Imagine that the software system is a physical thing. Its shape isn't really
concretely describable, its like a physical version of a complex thought. All
of the developers sit in a circle, poking and prodding at the physical thought -
adding new concepts, and changing existing ones.
Just like we have user interfaces for our application users, the code is the
developer's interface to this complex thought. Knowledge processes and tools
help us to manipulate and change the thought.
If I want to make a change, I need to first understand enough of the thought to
know how it would need to change. If I can easily control and manipulate parts
of the thought, and easily observe the consequences, its easier and faster to
build the understanding I need. Once I understand, I can start changing the
ideas, and again if I misunderstood something, it would be nice to know as early
as possible what exactly my mistake was, so that I can correct my thinking. If
there were no misunderstandings, the newly modified complex thought is then
In order to collaboratively work on evolving this complex thought, we must also
maintain a shared understanding - more brains involved increases the likelihood
of misunderstandings and likewise mistakes.
So with that model of development work, then think about all of the ideas and
thinking that have to flow through the process in order to support the creation
of this physical idea. Inventory in this context is a half-baked idea, either
sitting in the shelf, or currently in our minds being processed. These ideas
are what we manufacture, but since each idea has to be weaved into a single
complex thought - our tools that we use to control and observe the thought, the
clarity and organization of the thought, the size of the thought, all have a
massive impact on our productivity.
The tools are not the value, the ideas that get baked into this complex thought
are. All of the tooling is just a means to an end. We should strive to do just
enough to support the manufacturing of the idea.

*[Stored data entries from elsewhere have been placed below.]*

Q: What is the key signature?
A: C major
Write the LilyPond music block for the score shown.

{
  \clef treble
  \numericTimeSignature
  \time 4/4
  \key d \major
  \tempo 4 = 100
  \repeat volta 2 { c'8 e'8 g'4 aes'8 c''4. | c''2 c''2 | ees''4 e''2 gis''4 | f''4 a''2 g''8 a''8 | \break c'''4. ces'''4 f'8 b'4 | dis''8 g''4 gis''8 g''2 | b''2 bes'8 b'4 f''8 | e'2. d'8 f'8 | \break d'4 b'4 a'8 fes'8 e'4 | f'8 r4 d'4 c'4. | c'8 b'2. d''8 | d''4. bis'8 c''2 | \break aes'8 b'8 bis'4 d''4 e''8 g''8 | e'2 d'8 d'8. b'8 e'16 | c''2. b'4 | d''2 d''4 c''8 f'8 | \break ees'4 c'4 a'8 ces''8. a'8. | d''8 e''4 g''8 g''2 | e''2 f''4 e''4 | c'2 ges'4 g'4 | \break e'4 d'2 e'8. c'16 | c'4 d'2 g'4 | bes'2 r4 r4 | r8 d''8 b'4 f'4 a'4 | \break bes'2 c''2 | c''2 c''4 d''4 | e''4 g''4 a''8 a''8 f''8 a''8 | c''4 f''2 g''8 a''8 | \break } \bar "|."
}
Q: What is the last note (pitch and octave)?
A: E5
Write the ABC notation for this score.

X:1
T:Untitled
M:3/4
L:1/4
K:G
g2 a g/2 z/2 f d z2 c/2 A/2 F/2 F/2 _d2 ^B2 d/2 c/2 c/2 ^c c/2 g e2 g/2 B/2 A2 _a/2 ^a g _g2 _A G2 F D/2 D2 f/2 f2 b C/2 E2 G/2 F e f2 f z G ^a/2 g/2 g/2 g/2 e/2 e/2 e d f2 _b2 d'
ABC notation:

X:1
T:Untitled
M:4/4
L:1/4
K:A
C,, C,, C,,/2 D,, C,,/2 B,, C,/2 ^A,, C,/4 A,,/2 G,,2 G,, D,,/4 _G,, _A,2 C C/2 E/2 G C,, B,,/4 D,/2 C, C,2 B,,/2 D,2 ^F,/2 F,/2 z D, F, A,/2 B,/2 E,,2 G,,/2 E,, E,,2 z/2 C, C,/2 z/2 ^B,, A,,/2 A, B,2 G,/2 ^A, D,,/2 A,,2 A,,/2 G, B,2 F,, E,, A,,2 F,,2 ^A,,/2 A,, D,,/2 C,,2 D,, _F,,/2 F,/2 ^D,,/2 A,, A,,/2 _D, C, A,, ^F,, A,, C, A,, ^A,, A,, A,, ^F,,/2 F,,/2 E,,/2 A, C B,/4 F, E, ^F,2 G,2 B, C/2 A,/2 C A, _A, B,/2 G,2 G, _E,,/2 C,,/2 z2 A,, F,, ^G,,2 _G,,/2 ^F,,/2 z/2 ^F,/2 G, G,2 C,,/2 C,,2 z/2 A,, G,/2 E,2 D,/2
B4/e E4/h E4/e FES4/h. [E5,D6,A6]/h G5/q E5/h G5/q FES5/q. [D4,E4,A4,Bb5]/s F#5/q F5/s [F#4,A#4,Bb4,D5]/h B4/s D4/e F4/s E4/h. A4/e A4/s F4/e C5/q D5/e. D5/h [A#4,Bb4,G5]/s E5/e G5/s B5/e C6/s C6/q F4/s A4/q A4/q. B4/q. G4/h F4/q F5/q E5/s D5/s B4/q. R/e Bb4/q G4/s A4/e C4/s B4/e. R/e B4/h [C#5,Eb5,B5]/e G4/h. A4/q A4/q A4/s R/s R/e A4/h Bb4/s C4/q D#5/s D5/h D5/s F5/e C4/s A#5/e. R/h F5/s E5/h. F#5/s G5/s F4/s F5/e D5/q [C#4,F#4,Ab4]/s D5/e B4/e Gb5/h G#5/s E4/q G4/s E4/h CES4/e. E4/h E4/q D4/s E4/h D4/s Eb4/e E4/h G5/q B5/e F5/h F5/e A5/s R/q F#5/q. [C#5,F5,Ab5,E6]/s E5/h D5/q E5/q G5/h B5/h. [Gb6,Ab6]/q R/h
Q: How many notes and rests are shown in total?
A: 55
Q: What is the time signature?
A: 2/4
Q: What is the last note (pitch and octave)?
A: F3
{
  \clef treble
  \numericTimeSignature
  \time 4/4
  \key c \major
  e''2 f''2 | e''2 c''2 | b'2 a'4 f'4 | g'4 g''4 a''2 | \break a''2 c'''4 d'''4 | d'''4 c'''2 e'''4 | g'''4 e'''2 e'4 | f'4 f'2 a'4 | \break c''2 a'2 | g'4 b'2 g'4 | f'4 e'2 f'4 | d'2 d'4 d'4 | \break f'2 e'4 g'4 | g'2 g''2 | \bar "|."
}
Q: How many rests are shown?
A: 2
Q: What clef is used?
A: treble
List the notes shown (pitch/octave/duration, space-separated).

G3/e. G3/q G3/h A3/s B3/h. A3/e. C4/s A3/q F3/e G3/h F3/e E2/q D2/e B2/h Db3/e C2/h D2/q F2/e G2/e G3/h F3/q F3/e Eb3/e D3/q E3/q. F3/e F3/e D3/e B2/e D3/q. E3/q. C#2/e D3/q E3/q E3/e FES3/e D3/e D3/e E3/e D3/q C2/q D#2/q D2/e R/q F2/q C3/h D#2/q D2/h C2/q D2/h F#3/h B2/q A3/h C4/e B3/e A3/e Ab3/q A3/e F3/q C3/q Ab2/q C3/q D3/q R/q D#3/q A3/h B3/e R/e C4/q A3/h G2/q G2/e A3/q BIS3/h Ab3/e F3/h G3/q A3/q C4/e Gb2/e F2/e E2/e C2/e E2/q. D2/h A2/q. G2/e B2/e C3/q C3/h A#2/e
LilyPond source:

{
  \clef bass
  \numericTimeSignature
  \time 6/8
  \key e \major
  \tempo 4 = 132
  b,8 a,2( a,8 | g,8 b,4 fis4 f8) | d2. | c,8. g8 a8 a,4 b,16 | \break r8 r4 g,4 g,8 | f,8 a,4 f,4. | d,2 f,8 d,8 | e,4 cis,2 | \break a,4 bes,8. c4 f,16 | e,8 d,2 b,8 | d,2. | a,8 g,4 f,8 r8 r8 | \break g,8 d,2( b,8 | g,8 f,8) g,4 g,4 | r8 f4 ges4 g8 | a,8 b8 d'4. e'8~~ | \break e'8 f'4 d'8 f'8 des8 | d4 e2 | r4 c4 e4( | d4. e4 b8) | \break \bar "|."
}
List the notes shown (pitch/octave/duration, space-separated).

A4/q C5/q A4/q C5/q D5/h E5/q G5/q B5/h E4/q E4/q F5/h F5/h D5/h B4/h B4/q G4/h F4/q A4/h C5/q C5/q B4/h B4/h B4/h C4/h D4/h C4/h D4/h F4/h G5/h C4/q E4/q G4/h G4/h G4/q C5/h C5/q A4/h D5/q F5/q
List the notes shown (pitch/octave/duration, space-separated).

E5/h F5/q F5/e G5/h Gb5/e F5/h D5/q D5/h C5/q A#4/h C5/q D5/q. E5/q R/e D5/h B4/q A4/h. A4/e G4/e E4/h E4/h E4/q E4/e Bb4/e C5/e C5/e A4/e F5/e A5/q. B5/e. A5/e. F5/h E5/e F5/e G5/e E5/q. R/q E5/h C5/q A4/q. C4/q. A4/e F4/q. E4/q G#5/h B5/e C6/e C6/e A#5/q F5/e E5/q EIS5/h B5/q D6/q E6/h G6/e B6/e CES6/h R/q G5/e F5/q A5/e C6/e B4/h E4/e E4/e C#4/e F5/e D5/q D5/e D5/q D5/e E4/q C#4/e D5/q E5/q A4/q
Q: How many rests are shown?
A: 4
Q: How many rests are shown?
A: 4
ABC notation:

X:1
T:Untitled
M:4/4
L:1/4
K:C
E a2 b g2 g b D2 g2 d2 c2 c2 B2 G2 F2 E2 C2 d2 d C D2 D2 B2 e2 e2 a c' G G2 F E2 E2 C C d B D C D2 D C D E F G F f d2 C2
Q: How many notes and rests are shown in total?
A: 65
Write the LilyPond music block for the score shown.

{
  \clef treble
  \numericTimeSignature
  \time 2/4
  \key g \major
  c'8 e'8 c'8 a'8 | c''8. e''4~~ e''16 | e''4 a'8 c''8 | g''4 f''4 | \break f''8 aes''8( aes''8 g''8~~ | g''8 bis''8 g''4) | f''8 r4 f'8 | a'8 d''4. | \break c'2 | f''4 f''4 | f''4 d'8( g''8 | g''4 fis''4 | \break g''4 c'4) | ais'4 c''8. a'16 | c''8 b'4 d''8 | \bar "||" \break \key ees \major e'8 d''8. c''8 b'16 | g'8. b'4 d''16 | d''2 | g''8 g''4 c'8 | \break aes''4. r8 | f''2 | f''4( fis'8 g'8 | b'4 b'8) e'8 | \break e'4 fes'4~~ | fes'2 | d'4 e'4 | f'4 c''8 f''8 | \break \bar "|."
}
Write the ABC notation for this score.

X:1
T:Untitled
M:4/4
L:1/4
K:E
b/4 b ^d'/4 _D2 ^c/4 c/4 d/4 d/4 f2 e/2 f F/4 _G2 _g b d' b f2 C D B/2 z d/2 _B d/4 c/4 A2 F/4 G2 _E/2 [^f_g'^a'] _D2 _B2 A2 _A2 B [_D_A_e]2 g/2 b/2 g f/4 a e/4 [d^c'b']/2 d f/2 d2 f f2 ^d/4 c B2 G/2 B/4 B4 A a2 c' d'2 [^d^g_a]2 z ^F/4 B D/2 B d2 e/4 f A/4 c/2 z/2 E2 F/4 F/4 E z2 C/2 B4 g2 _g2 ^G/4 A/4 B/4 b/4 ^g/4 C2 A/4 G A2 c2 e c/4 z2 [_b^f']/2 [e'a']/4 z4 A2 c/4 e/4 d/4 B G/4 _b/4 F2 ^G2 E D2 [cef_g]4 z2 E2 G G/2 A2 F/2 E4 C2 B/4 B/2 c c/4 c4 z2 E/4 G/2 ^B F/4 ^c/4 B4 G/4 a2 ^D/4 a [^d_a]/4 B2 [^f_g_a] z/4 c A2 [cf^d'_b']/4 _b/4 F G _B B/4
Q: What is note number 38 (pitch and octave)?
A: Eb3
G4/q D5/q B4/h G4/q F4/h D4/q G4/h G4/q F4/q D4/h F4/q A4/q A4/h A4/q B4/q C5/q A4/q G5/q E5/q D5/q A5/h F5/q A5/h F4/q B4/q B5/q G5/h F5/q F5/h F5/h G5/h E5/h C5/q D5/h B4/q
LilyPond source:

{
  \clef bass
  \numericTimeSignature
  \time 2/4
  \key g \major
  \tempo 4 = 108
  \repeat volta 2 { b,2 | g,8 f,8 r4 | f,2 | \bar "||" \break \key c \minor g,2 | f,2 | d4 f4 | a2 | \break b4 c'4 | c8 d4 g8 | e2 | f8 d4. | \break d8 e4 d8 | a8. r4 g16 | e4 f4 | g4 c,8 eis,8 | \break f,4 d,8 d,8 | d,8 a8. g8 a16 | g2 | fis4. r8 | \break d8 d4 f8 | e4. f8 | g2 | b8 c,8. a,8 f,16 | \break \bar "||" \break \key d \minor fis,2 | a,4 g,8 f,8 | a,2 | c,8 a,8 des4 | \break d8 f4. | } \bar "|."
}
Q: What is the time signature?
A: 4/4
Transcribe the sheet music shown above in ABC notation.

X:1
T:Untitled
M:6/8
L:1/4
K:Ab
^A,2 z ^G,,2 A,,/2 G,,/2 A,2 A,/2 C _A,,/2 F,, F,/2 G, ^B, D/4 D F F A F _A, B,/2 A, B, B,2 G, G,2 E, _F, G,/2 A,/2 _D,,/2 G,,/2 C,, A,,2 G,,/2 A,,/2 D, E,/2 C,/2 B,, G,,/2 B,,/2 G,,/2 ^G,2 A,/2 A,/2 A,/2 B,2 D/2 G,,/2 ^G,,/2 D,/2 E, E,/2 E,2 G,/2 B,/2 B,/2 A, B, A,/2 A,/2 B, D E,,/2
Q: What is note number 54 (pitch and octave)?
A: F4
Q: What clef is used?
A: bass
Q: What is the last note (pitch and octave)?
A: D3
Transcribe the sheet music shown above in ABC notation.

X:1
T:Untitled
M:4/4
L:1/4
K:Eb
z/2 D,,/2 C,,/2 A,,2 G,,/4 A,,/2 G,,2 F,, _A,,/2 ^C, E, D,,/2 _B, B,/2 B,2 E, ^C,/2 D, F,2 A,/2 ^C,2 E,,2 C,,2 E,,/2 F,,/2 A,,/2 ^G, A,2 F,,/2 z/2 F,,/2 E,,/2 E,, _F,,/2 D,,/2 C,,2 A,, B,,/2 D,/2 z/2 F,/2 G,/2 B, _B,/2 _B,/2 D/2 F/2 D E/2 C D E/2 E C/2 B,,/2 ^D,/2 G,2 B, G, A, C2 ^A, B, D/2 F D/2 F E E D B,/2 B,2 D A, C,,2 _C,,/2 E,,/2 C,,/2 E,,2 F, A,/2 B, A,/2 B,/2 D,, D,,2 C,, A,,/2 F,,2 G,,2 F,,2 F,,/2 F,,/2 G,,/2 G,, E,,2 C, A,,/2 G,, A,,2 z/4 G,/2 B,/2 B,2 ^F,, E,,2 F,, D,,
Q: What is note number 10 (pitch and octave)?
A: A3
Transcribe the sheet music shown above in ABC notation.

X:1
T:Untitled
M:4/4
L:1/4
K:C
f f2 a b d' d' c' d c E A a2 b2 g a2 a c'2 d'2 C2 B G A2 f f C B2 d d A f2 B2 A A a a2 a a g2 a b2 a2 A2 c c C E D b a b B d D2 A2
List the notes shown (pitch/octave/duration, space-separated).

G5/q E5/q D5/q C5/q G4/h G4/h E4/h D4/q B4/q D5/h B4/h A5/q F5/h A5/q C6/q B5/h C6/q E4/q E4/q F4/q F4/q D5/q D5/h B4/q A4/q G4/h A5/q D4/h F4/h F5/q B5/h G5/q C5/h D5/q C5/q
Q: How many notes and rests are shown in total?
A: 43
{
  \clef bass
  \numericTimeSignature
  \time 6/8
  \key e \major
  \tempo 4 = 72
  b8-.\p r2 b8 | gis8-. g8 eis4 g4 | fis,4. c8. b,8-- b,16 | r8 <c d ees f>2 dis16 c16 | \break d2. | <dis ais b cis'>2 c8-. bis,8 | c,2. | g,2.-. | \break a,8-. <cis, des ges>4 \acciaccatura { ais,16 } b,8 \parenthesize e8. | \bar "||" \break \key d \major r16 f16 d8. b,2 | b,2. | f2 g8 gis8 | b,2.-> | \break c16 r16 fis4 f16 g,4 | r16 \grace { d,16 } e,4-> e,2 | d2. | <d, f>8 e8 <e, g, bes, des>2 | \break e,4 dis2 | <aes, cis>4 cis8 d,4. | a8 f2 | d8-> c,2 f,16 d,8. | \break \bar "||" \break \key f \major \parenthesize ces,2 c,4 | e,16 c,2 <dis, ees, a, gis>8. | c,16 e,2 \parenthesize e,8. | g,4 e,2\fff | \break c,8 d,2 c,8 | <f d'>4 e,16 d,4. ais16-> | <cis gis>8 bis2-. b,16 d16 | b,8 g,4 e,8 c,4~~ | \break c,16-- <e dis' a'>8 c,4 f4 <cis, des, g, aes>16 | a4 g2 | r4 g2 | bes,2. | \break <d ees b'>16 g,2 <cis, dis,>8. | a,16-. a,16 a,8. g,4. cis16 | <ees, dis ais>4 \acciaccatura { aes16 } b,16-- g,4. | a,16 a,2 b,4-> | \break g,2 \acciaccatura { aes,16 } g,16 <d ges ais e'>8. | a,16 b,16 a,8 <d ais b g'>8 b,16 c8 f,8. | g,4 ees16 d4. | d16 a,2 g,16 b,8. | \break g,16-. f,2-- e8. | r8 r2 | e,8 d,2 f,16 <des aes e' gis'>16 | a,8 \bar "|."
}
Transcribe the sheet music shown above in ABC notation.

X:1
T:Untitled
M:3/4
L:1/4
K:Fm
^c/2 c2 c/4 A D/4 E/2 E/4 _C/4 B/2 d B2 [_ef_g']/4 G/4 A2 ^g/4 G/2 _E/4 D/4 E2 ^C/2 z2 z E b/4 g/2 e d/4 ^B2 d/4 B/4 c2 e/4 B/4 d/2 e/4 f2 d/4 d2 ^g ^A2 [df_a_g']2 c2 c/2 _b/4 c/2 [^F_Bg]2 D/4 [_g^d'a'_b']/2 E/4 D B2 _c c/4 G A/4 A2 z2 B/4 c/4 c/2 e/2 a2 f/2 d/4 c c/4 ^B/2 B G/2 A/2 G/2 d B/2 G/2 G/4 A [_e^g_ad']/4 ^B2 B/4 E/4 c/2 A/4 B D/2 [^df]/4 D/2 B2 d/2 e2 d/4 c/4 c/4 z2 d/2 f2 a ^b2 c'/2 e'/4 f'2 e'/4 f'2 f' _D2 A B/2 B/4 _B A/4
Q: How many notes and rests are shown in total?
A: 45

If you think about creating tests from the mindset of supporting the humans and
these knowledge processes, a lot of what we do with both automated and manual
testing can clearly be seen as waste. An idea that is clear to everyone, for
example, is not one likely to cause misunderstandings and mistakes. We should
first aim to clarify the idea to prevent these misunderstandings. We should
then aim for controllable and observable, as these characteristics allow us to
come to understand more quickly. And when misunderstandings and mistakes are
still likely, we should then use alarms to alert us when we've made a mistake.
False alarms quickly dilute the effectiveness of the useful alarms... thus
taking care in trying to point the human clearly to the mistake, and not raise
unnecessary false alarms is what makes effective tests.
Now think about things like code coverage metrics in this light. This metric
tends to encourage extreme amounts of waste. We forget all about the humans and
fill our systems with ever-ringing false alarms. We tend to only think about
tests breaking in our CI loop, but their real effect is their constancy in
breaking while we try to understand and modify this shared complex thought.
With our test-infected mindsets, we quickly bury the changeability of our ideas
in rigidity, and lose the very agility that we are supposedly aiming for.